Roeland van Zeijst (39) is strategisch expert bij het Team High Tech Crime van de Nationale Politie. Hij vertelt over de internationale aanpak van grote cybercrime-zaken, risico’s voor bedrijven en de ontwikkeling van de politie-unit voor high tech crime. ‘Cybercrime kun je niet in je eentje oplossen.’

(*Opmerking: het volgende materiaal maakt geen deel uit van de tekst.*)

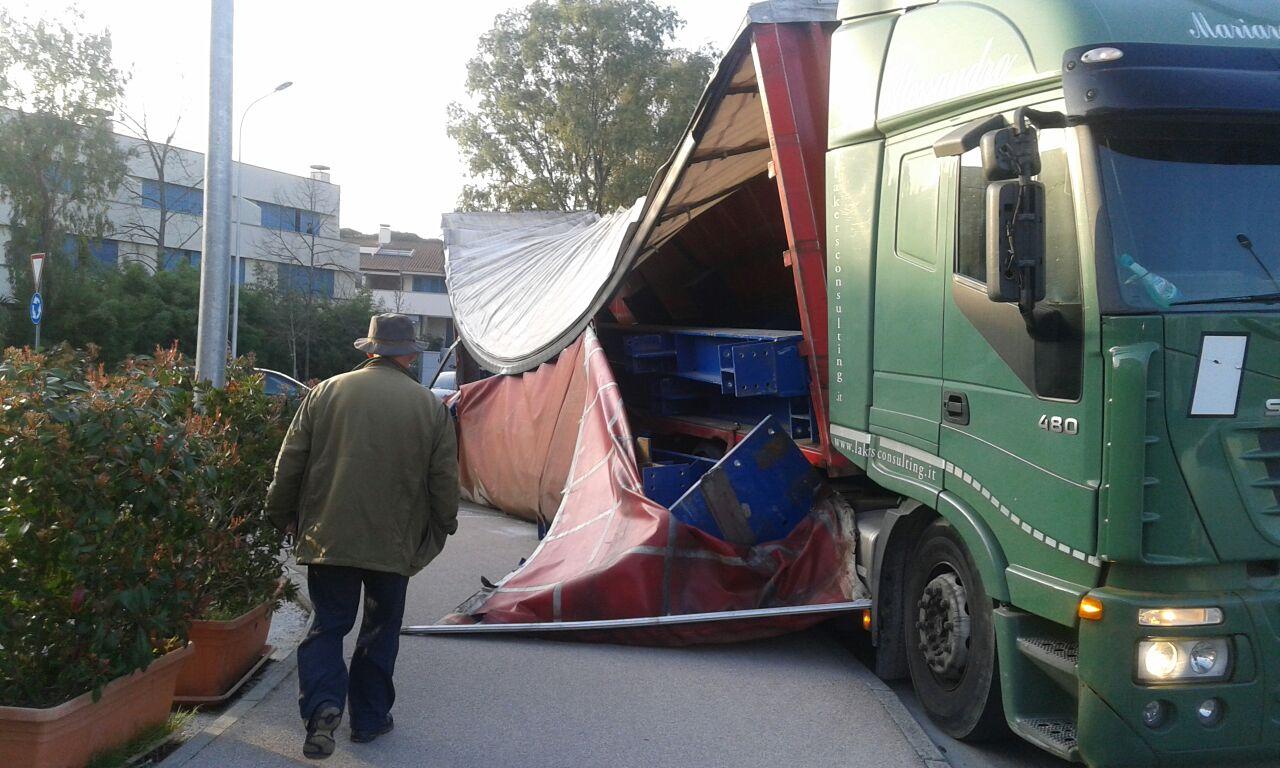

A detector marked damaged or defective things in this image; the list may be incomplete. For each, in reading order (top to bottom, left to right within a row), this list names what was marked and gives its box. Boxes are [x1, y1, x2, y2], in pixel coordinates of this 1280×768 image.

damaged tarp [444, 202, 644, 374]
damaged tarp [410, 330, 872, 640]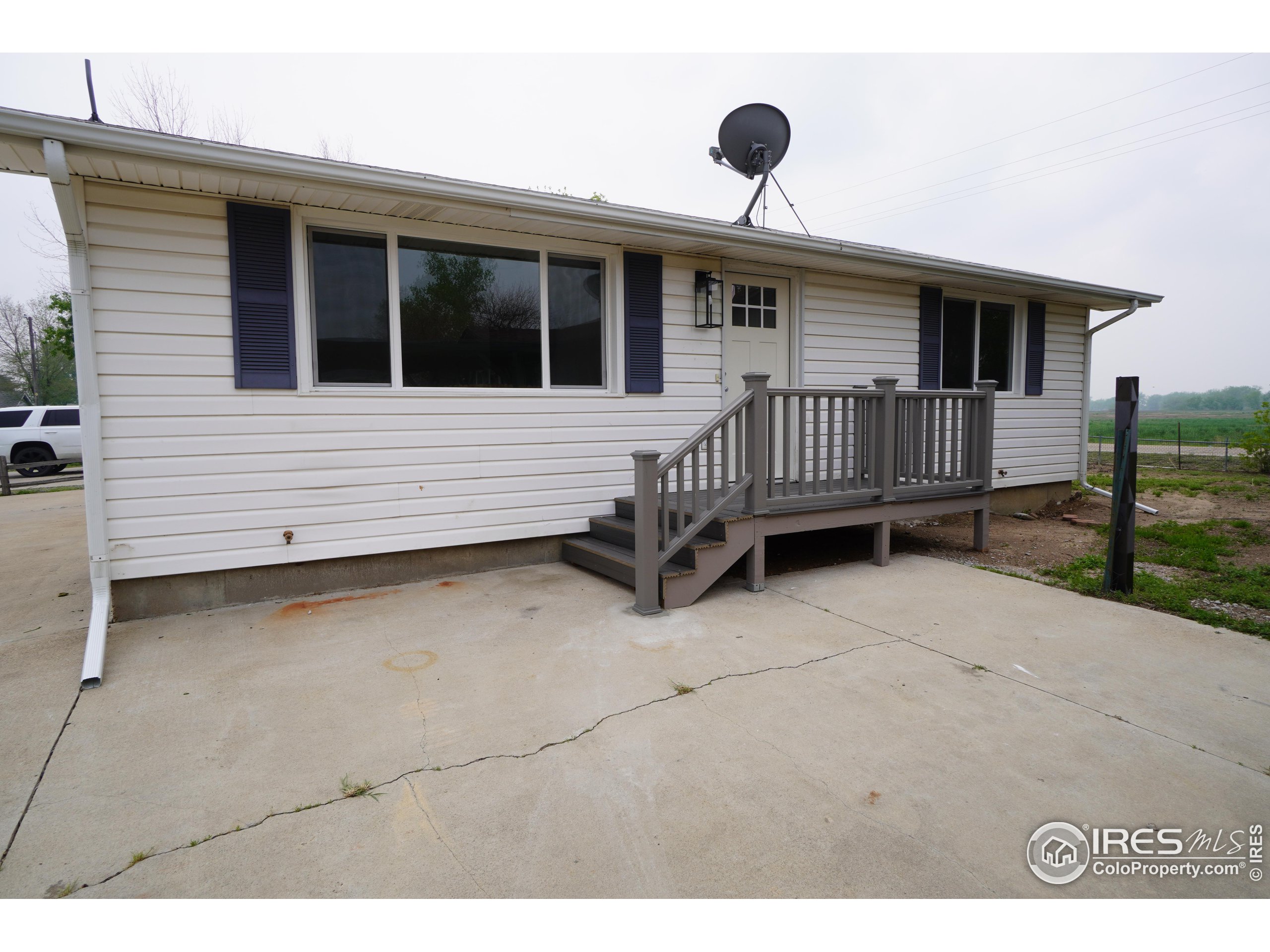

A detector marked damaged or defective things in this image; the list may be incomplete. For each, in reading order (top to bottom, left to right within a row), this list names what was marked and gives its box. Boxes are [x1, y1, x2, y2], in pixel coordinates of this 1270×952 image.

Het Team High Tech Crime (THTC) van de Dienst Landelijke Recherche speelde begin november 2014 een belangrijke rol in het oprollen van de zwarte marktplaats (darkweb) Silk Road 2.0. Die criminele marktplaats werd een periode vanaf servers in Nederland gehost. De politie-unit hielp bij de identificatie van de hoofdverdachte van het netwerk die in de Verenigde Staten werd gearresteerd. ‘Bij die wereldwijde ontmanteling van een hele reeks criminele websites is nauw samengewerkt door de Amerikaanse opsporingsdienst FBI en Europese politiediensten’, legt Van Zeijst uit. Hij vertelt dat de aanpak van criminele dienstverleners voor bijvoorbeeld handel in wapens, drugs, mensenhandel of financiële delicten een belangrijk speerpunt is voor zijn organisatie. ‘Het is steeds eenvoudiger om zonder ict-kennis strafbare digitale feiten te plegen. Criminelen kunnen zonder diepgravende kennis toch hacken en crypten door op illegale marktplaatsen relatief eenvoudig aan die tools te komen. Of door mensen in te huren om het werk voor ze te doen.’
Geplande omvang
Het THTC is opgericht in 2007 en startte met dertig man. In december 2014 stroomt voorlopig de laatste groep van dertig nieuwe mensen het speciale politieteam in. Daarmee komt het aantal leden van het THTC uit op 120 man. Dat is de geplande omvang die bij de oprichting werd uitgesproken. De organisatie is vanaf 2012 stapsgewijs gegroeid. De groep bestaat voor ongeveer de helft uit mensen met een politieopleiding. De andere helft bestaat uit personen met een ict-achtergrond. ‘We richten ons nadrukkelijk op grote, geavanceerde, maatschappelijk ontwrichtende cyberzaken’, vertelt Van Zeijst. ‘Het gaat daarbij om ongeveer twintig onderzoekstrajecten per jaar. Daarnaast leveren we doorlopend ondersteuning aan buitenlandse politiediensten. Aan de arrestatie van verdachten en het oprollen van vaak internationale criminele netwerken gaat soms wel een jaar speurwerk vooraf.’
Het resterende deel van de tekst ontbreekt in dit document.